Method for producing an aluminum alloy part implementing an additive manufacturing technique with preheating
Abstract
A method for manufacturing a part (20) including forming successive metal layers (20 1 . . . 20 n ), stacked on each other, each layer being formed by depositing an aluminum alloy (15), the aluminum alloy being subjected to an energy input so as to melt down and form said layer when solidifying, the method being characterized in that: during the manufacture of the part, before the formation of each layer, the aluminum alloy powder is maintained at a temperature higher than or equal to 25° C. and lower than 160° C. or comprised from 300° C. to 500° C.; the method includes applying, to the part, a post-manufacture heat treatment at a temperature comprised from 300° C. to 400° C.; the post-manufacture heat treatment begins with an increase in temperature, the increase being performed at a temperature rise rate higher than 5° C. per minute; the method does not include solution heat treatment followed by quenching.
Claims
exact text as granted — not AI-modified1 . A method for manufacturing a part comprising forming successive metal layers stacked on each other, each layer following a pattern defined from a digital model, each layer being formed by exposing a powder of an aluminum alloy to a light beam or to a beam of charged particles, so as to cause meltdown of the powder, followed by solidification, the method comprising:
during manufacture of the part, before formation of each layer, the aluminum alloy powder is maintained at a temperature higher than or equal to 25° C. and lower than 160° C. or comprised from 300 to 500° C.; the method further comprises applying to the part, a post-manufacture heat treatment at a temperature (T′) comprised from 300° C. to 400° C.; the post-manufacture heat treatment is performed by exposing the part to a temperature rise (ΔT′) higher than 5° C. per minute; the method does not include solution heat treatment followed by quenching.
2 . The method according to claim 1 , wherein the powder is maintained at a temperature comprised-from 25 to 150° C.
3 . The method according to claim 2 , wherein the powder is maintained at a temperature comprised-from 80° C. to 130° C.

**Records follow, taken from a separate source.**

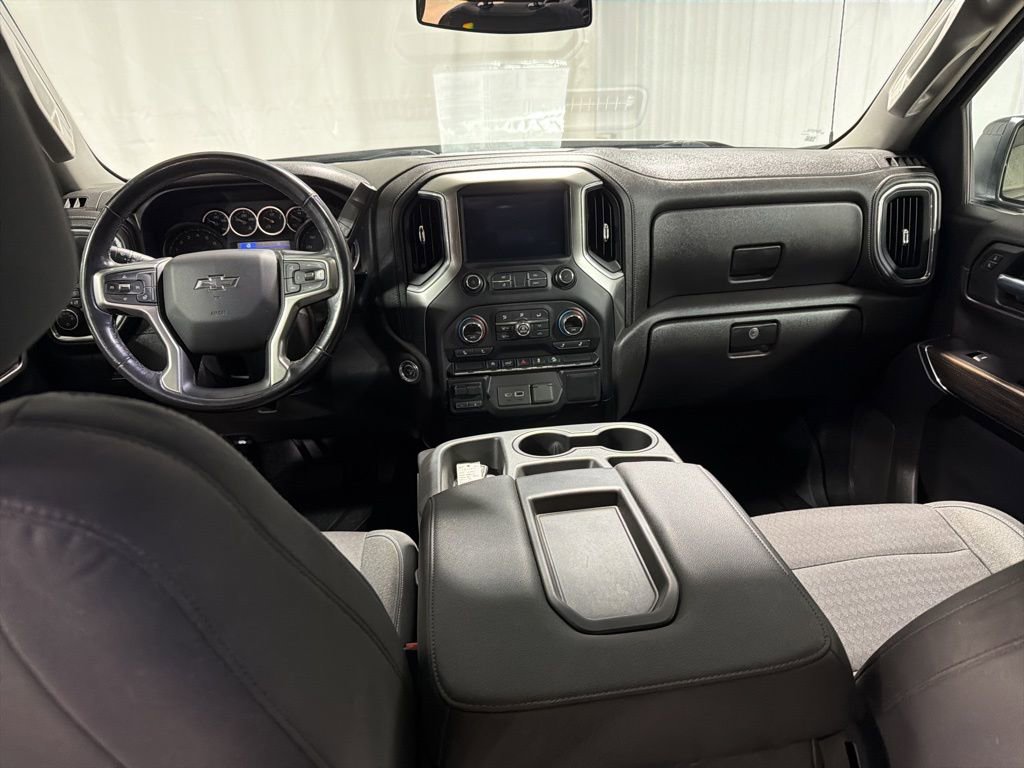 Used 2021 Chevrolet Silverado 1500 RST image 3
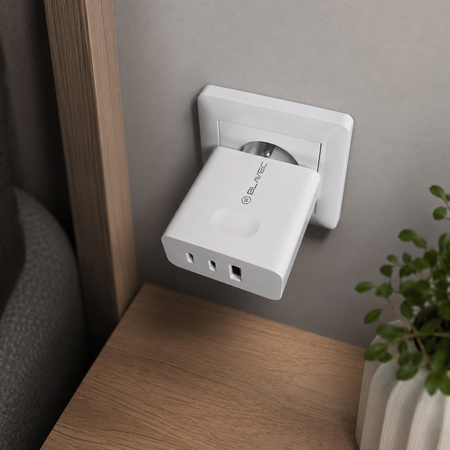 Blavec Ładowarka Sieciowa BC-11 GaN USB + 2xUSB-C QC PD 65W 3A - Biała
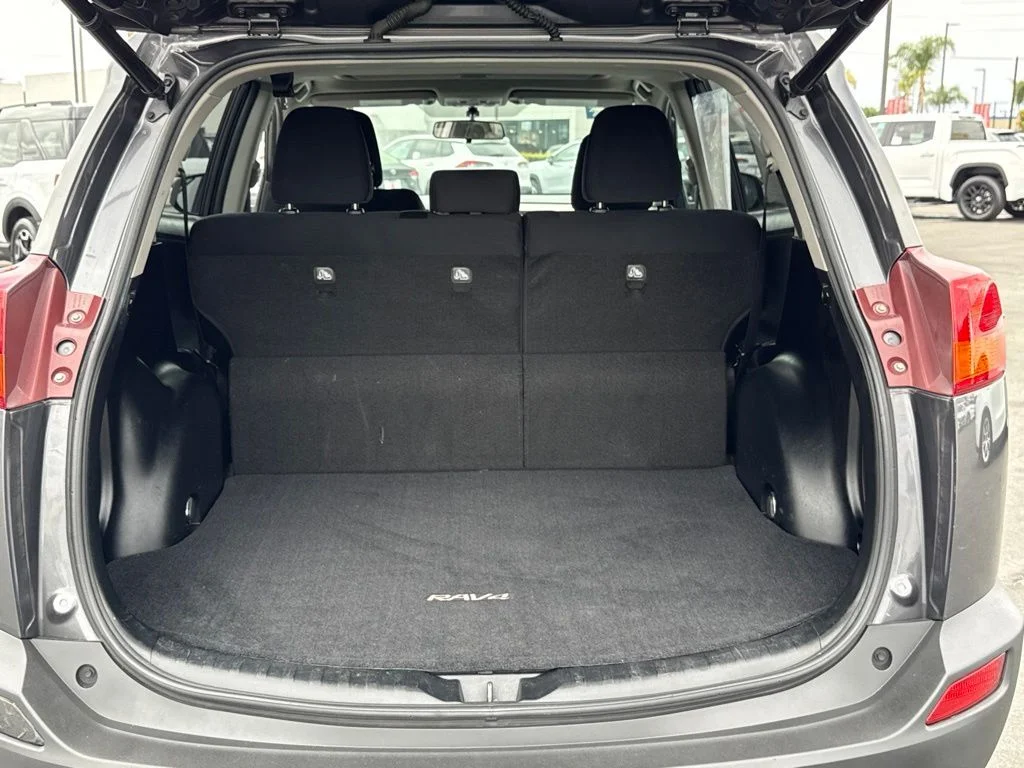 Used 2015 Gray Toyota XLE image 17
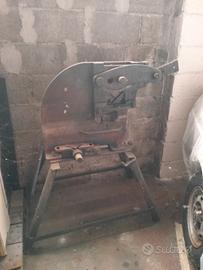 Cesoia / trancia manuale per ferro e lamiere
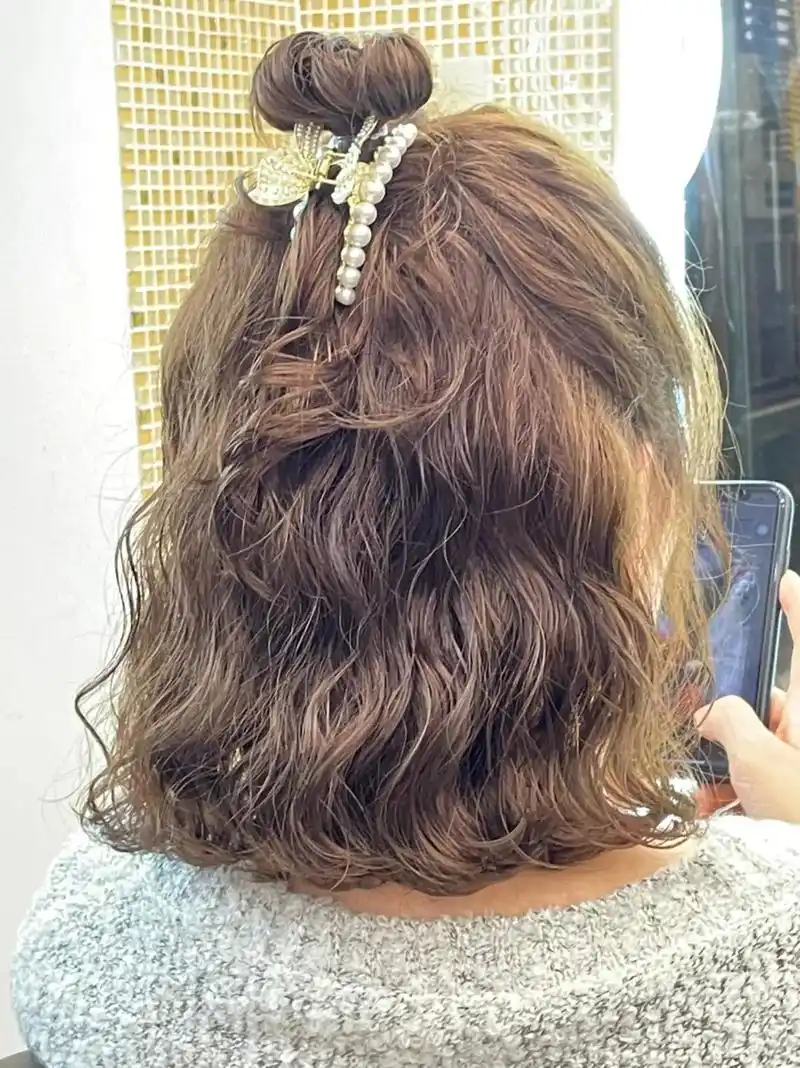 扎丸子头非常好看#烫发推荐  - 抖音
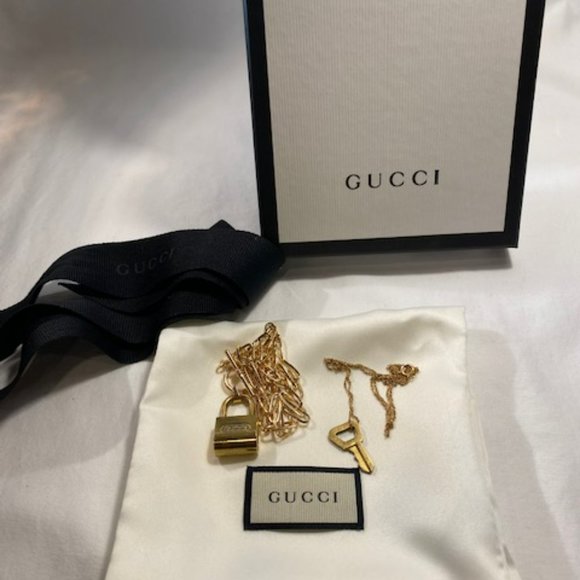 Vintage Gucci Lock and Key layered toggle necklace & chain w/ bag - Picture 2 of 8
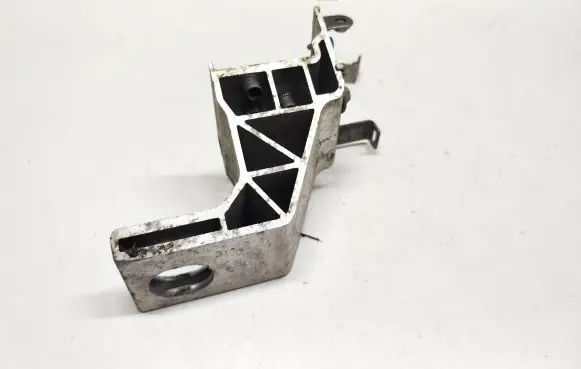 Mercedes-Benz C W205 Radiator mount bracket A2055044220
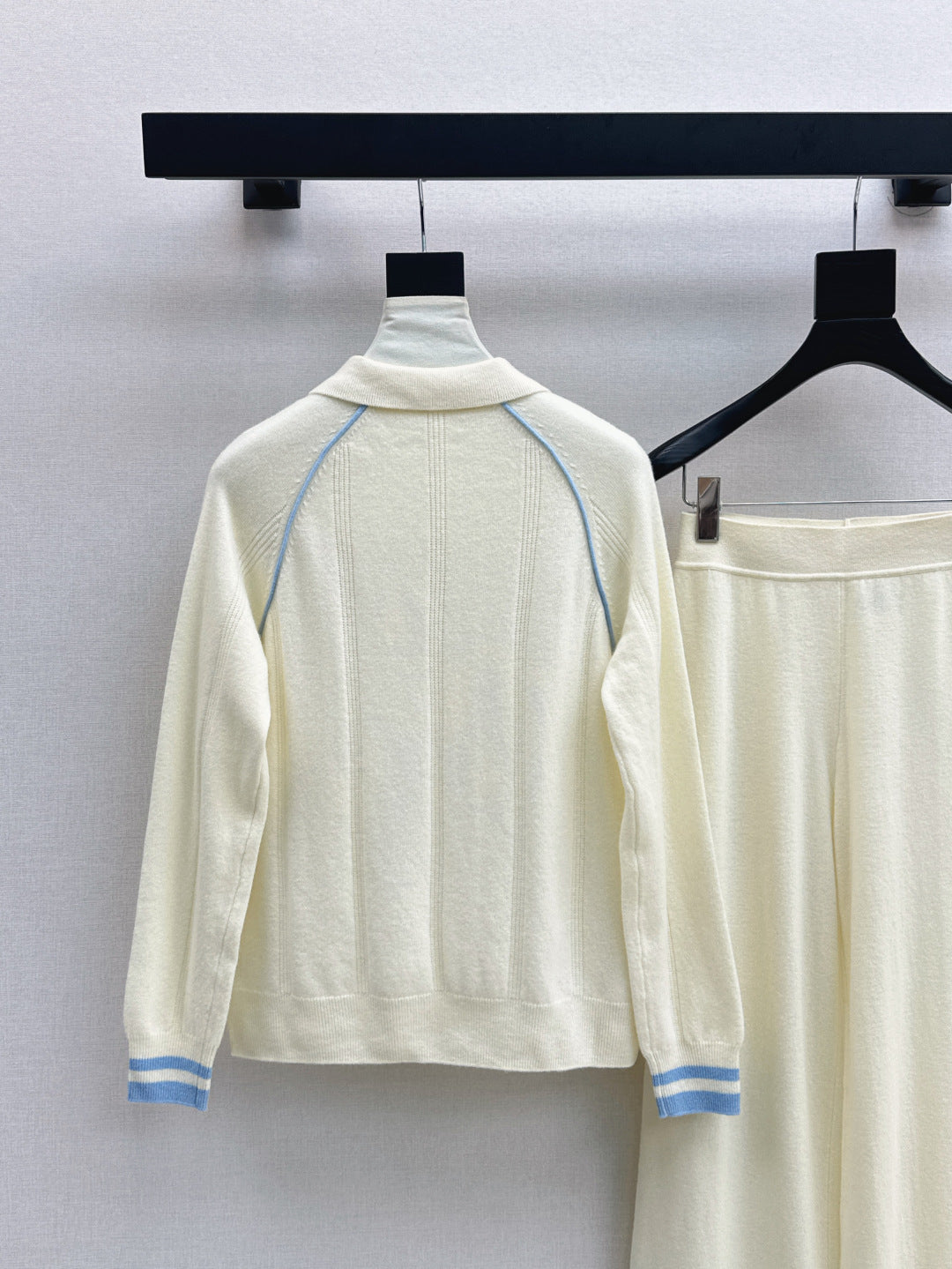 Miu New knitted suit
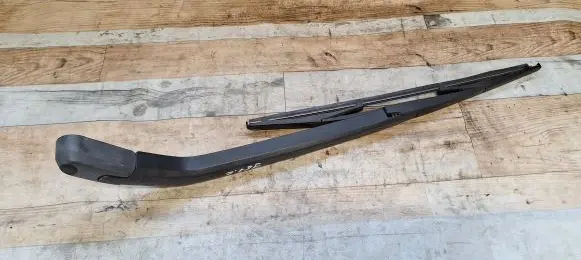 Mitsubishi Outlander Rear wiper blade arm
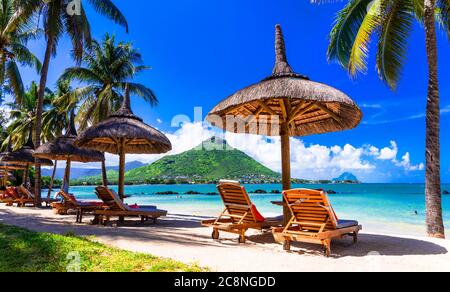 Vacances relaxantes dans un paradis tropical. Île Maurice. Plage de Flic en Flac Banque D'Images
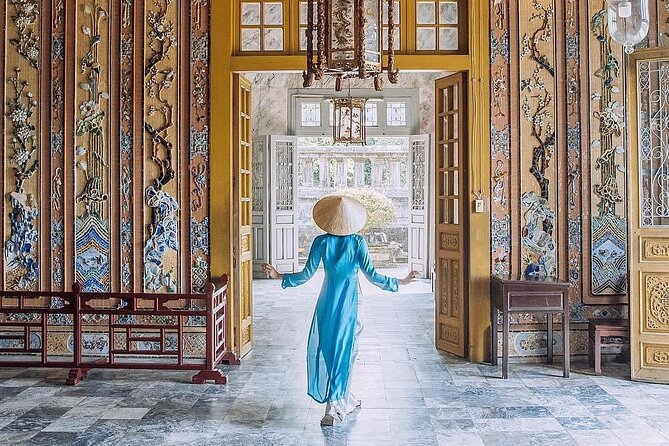3-Hours Hue Imperial Walking Tour with Guide with Lunch/ Dinner - The Forbidden Purple City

4 . The method according to claim 1 , wherein during the post-manufacture heat treatment, the temperature rise (ΔT′) is higher than 10° C. per minute or higher than 20° C. per minute or higher than 40° C. per minute.
5 . The method according to claim 1 , wherein during the post-manufacture heat treatment, the temperature rise (ΔT′) is instantaneous.
6 . The method according to claim 1 , wherein the aluminum alloy includes at least the following alloy elements:
at least one element selected from among Zr, Sc, Hf, Ti, V, Er, Tm, Yb and/or Lu, according to a mass fraction higher than or equal to 0.30%, optionally 0.30-2.50%. optionally 0.40-2.00%, optionally 0.40-1.80%, optionally 0.50-1.60%, optionally 0.60-1.50%, optionally 0.70-1.40%, optionally 0.80-1.20% in total; optionally Mg, according to a mass fraction lower than 0.30%, optionally lower than 0.10%, optionally lower than 0.05%; optionally Zn, according to a mass fraction lower than 0.30%, optionally lower than 0.10%, optionally lower than 0.05%; optionally at least one element selected from among: Ni, Mn, Cr and/or Cu, according to a mass fraction from 0.50 to 7.00%, optionally from 1.00 to 6.00% each; optionally, according to a mass fraction lower than 25.00%, optionally lower than 20.00%, optionally lower than 15.00% in total; optionally at least one element selected from among: W, Nb, Ta, Y, Nd, Ce, Co, Mo and/or mischmetal, according to a mass fraction lower than or equal to 5.00%, optionally lower than or equal to 3% each, and lower than or equal to 15.00%, optionally lower than or equal to 12%, optionally lower than or equal to 5% in total; optionally at least one element selected from among: Si, La, Sr, Ba, Sb, Bi, Ca, P, B, In and/or Sn, according to a mass fraction lower than or equal to 1.00%, optionally lower than or equal to 0.5%, optionally lower than or equal to 0.3%, optionally lower than or equal to 0.1%, optionally lower than or equal to 700 ppm each, and lower than or equal to 2.00%, optionally lower than or equal to 1% in total; optionally Fe, according to a mass fraction from 0.50 to 7.00%, optionally from 1.00 to 6.00% according to a first variant, or according to a mass fraction lower than or equal to 1.00%, optionally lower than or equal to 0.5%, optionally lower than or equal to 0.3%, optionally lower than or equal to 0.1%, optionally lower than or equal to 700 ppm according to a second variant; optionally at least one element selected from among: Ag according to a mass fraction from 0.06 to 1.00% and/or Li according to a mass fraction from 0.06 to 1.00%; optionally impurities according to a mass fraction lower than 0.05% each, 500 ppm, and lower than 0.15% in total; remainder aluminum.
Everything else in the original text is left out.